First, there has been her reteaming with Jane Fonda ( her onscreen pal from the adored feminist comedy 9 to 5 ) in the Netflix series Grace and Frankie, in which Tomlin brings her endearing character, an aging hippie, depth, pathos and plenty of laughs. The series has been a hit; Tomlin has been nominated for an Emmy and she's four episodes into shooting the second season.

Now, Tomlin stars in her first movie in decades, the lovely road comedy Grandma ( opening Friday ), in which she plays feisty septuagenarian Elle Reid, an esteemed lesbian poet and avowed feminist who is enlisted by her pregnant 18-year-old granddaughter ( the lovely Julia Garner ) to find the money so she can have an abortion. Elle doesn't hesitate and off the two go in her vintage car, encountering a host of real characters.

Writer-director Paul Weitz wrote the part specifically for Tomlin, 76. The movie—a dramedy that also has wonderful supporting characters populated by Sam Elliott, Marcia Gay Harden, Laverne Cox, Judy Greer and Elizabeth Pena—is unthinkable without her.

Forty years after being Oscar nominated for Nashville, her first movie, there is buzz about Tomlin getting a second chance at Oscar gold. For Tomlin, who married her longtime partner Jane Wagner last year, that's about the only honor that hasn't been bestowed on her over the course of her laudable career. And as she reveals in this exclusive interview with Windy City Times, she isn't done yet.

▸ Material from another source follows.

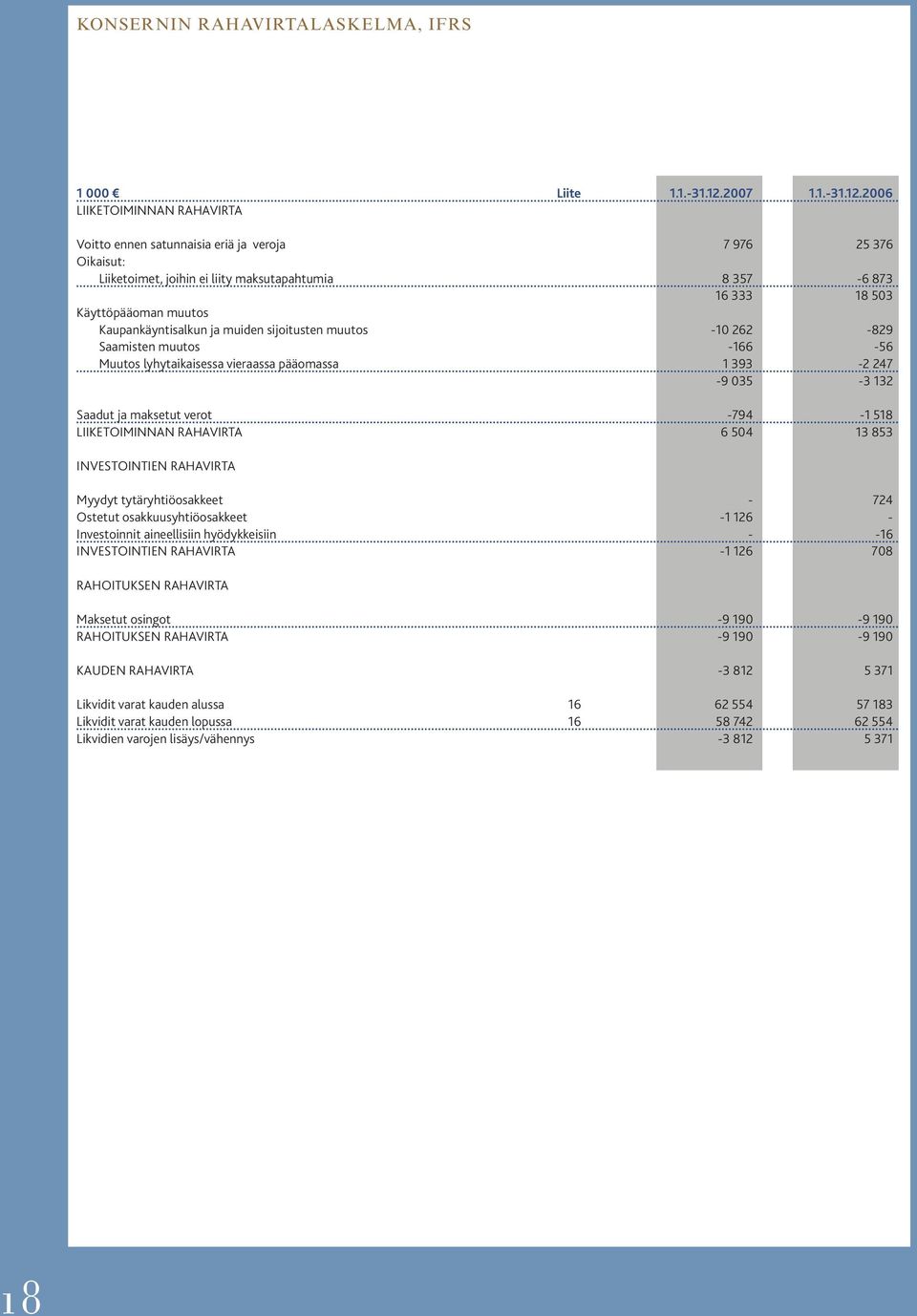 2006 LIIKETOIMINNAN RAHAVIRTA Voitto ennen satunnaisia eriä ja veroja 7 976 25 376 Oikaisut: Liiketoimet, joihin ei liity maksutapahtumia 8 357-6 873 16 333 18 503 Käyttöpääoman muutos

Windy City Times: I want to take a moment here at the outset to say "thank you" on behalf of Our People for holding the torch aloft. I just want to rejoice that our own darling Lily Tomlin is playing one of us onscreen so spectacularly.

Lily Tomlin: Well thank you—thank you, thank you!

WCT: I love the irony that Paul Weitz—a man—wrote this beautiful part for you.

LT: I know. It's so amazing.

WCT: How close is the character of Elle Reid to you? Did he sit with you and observe you?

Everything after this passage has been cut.